GIVEN DATA:
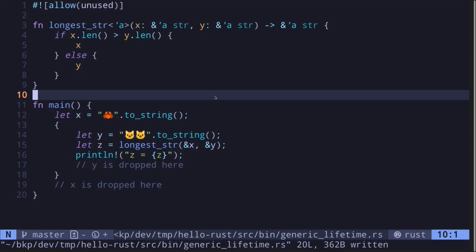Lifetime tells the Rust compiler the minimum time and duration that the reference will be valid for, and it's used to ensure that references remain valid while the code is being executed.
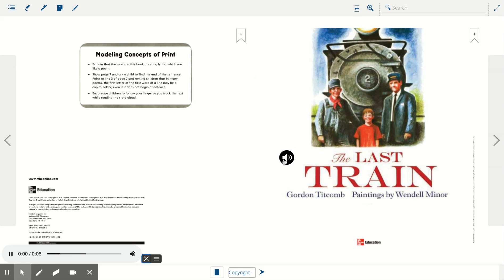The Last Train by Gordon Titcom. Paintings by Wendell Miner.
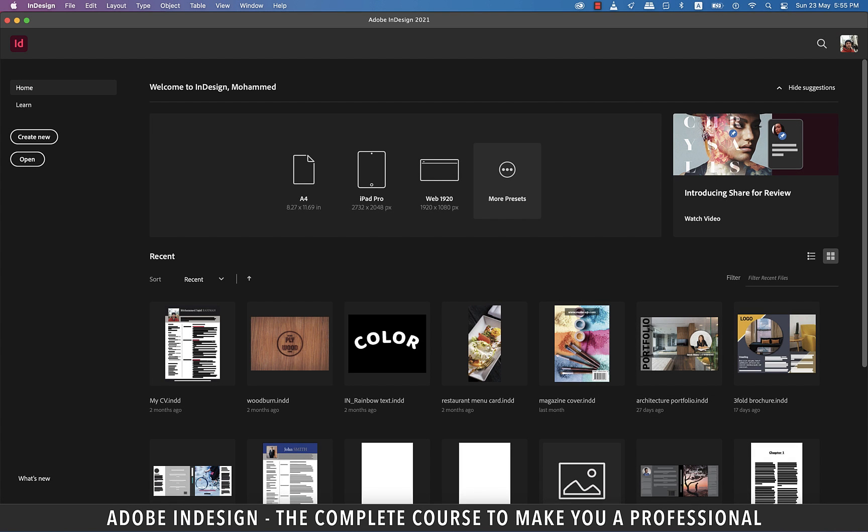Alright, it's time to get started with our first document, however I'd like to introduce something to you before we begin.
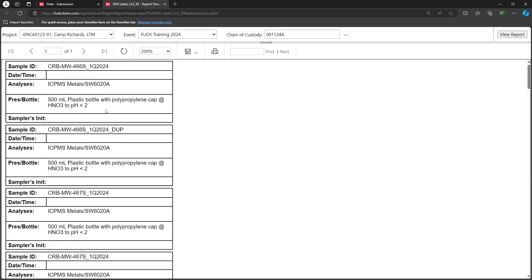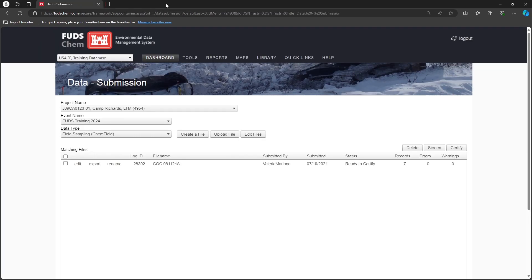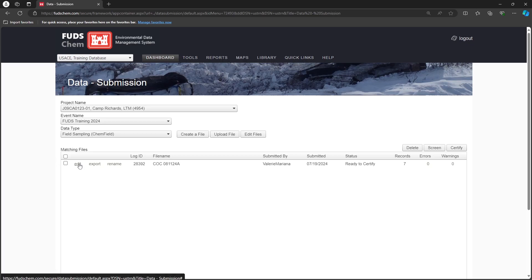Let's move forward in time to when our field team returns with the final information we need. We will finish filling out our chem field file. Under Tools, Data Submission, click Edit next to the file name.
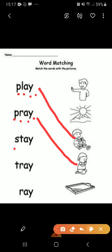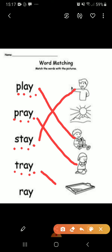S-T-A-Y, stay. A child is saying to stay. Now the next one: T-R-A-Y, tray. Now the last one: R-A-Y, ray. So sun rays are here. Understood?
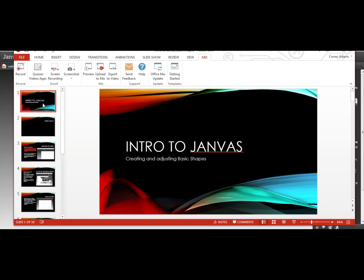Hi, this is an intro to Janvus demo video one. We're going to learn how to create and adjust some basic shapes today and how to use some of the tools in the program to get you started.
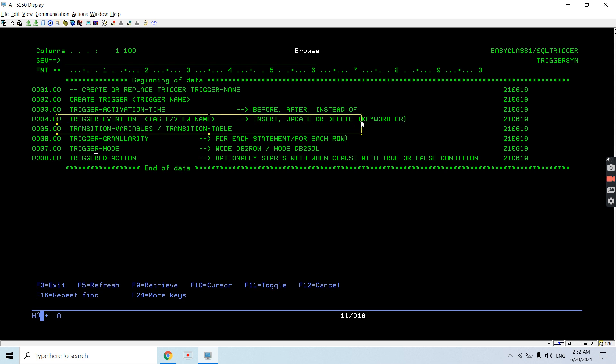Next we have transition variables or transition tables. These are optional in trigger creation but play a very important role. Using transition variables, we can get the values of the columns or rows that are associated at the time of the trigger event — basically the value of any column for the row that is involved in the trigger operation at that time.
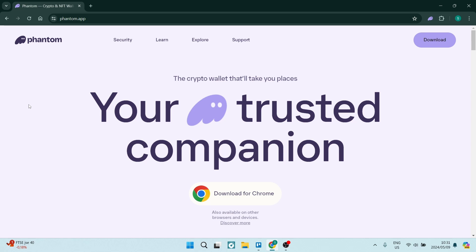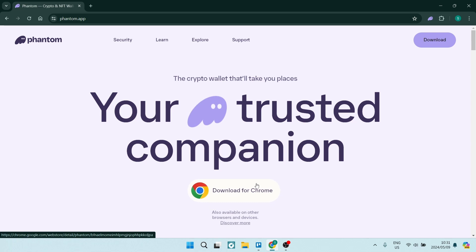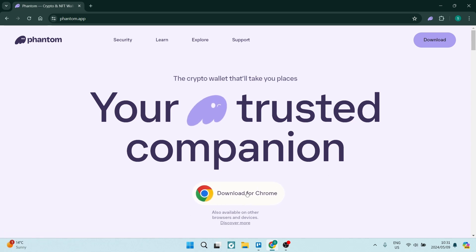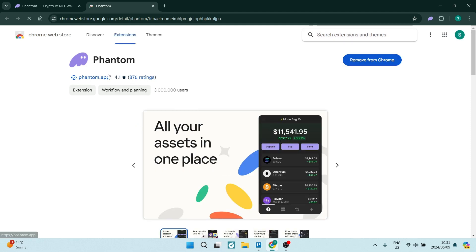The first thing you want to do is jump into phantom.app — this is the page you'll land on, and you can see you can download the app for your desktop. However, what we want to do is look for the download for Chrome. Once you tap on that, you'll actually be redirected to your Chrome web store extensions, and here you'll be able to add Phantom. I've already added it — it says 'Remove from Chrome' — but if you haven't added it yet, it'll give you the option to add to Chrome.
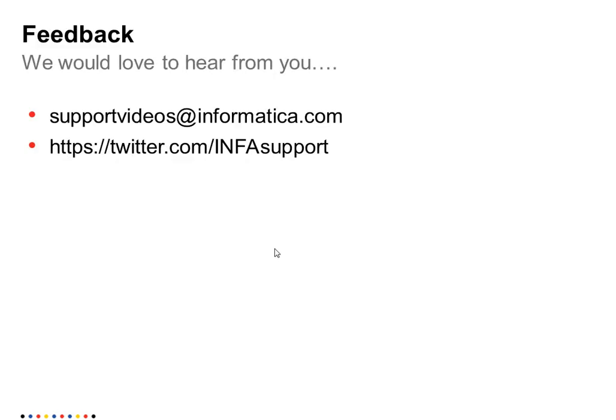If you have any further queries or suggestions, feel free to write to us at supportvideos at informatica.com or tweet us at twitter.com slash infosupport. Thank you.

ASSIGNED TASK:
The answer must repeat every record exactly, with all pictures left out.

RESPONSE TO THIS TASK:
Lifetime tells the Rust compiler the minimum time and duration that the reference will be valid for, and it's used to ensure that references remain valid while the code is being executed.
The Last Train by Gordon Titcom. Paintings by Wendell Miner.
Alright, it's time to get started with our first document, however I'd like to introduce something to you before we begin.
Let's move forward in time to when our field team returns with the final information we need. We will finish filling out our chem field file. Under Tools, Data Submission, click Edit next to the file name.
S-T-A-Y, stay. A child is saying to stay. Now the next one: T-R-A-Y, tray. Now the last one: R-A-Y, ray. So sun rays are here. Understood?
Hi, this is an intro to Janvus demo video one. We're going to learn how to create and adjust some basic shapes today and how to use some of the tools in the program to get you started.
Next we have transition variables or transition tables. These are optional in trigger creation but play a very important role. Using transition variables, we can get the values of the columns or rows that are associated at the time of the trigger event — basically the value of any column for the row that is involved in the trigger operation at that time.
The first thing you want to do is jump into phantom.app — this is the page you'll land on, and you can see you can download the app for your desktop. However, what we want to do is look for the download for Chrome. Once you tap on that, you'll actually be redirected to your Chrome web store extensions, and here you'll be able to add Phantom. I've already added it — it says 'Remove from Chrome' — but if you haven't added it yet, it'll give you the option to add to Chrome.
If you have any further queries or suggestions, feel free to write to us at supportvideos at informatica.com or tweet us at twitter.com slash infosupport. Thank you.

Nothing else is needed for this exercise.